Aim of the task: Copy nothing but the lines below running from the line containing "Ratz Funny Rat" through the line containing "Up To Mischief Halter Maxi Dress Maroon", both end lines included.

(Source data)
------------------------------------------------------------------------

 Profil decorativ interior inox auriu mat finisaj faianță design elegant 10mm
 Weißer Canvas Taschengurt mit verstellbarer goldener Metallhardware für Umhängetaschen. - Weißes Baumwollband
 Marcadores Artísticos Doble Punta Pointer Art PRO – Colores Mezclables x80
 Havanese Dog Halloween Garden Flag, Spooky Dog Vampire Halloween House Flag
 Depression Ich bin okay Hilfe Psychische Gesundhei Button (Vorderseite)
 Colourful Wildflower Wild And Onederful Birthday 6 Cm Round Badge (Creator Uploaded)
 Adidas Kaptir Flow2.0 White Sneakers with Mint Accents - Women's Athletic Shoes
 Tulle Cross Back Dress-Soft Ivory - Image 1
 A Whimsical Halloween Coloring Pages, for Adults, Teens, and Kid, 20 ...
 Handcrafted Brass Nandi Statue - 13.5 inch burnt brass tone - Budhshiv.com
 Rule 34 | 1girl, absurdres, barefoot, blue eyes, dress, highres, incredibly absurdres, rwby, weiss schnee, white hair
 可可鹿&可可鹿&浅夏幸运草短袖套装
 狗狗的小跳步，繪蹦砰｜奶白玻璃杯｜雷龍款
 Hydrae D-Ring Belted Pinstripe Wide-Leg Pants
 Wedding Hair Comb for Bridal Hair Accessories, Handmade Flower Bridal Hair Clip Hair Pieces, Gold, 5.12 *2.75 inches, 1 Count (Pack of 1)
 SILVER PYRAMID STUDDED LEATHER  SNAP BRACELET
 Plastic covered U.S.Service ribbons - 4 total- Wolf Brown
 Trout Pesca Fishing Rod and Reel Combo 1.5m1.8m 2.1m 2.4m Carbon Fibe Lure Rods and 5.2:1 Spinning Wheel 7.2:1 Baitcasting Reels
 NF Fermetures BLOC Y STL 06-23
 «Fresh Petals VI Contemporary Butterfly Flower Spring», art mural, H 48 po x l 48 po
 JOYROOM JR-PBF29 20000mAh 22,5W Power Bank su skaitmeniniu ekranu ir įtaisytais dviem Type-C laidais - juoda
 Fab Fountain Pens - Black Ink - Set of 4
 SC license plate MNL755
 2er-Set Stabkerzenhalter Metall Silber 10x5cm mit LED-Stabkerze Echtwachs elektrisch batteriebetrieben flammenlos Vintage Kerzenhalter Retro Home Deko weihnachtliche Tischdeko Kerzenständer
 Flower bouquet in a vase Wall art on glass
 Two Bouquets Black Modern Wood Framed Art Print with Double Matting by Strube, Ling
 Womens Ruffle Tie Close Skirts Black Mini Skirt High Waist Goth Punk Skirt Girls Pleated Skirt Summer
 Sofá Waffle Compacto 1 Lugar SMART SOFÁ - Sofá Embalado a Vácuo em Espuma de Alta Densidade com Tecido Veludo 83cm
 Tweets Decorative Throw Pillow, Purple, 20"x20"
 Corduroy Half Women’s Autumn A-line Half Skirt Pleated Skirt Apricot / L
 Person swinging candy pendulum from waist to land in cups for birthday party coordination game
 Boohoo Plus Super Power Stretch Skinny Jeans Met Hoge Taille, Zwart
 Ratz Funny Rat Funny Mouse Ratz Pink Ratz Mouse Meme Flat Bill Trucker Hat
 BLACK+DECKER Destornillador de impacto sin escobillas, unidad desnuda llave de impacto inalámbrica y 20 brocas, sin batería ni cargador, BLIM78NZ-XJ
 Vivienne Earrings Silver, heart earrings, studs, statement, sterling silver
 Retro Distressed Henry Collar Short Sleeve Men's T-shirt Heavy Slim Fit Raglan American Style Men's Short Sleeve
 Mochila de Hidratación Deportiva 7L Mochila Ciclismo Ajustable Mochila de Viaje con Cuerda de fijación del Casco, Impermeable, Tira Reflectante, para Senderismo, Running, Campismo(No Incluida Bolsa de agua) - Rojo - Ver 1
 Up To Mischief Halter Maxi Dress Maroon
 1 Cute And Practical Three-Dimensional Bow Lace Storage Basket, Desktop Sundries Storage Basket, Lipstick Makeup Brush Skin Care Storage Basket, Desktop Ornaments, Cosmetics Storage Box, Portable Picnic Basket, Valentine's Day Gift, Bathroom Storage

------------------------------------------------------------------------

Result below:
 Ratz Funny Rat Funny Mouse Ratz Pink Ratz Mouse Meme Flat Bill Trucker Hat
 BLACK+DECKER Destornillador de impacto sin escobillas, unidad desnuda llave de impacto inalámbrica y 20 brocas, sin batería ni cargador, BLIM78NZ-XJ
 Vivienne Earrings Silver, heart earrings, studs, statement, sterling silver
 Retro Distressed Henry Collar Short Sleeve Men's T-shirt Heavy Slim Fit Raglan American Style Men's Short Sleeve
 Mochila de Hidratación Deportiva 7L Mochila Ciclismo Ajustable Mochila de Viaje con Cuerda de fijación del Casco, Impermeable, Tira Reflectante, para Senderismo, Running, Campismo(No Incluida Bolsa de agua) - Rojo - Ver 1
 Up To Mischief Halter Maxi Dress Maroon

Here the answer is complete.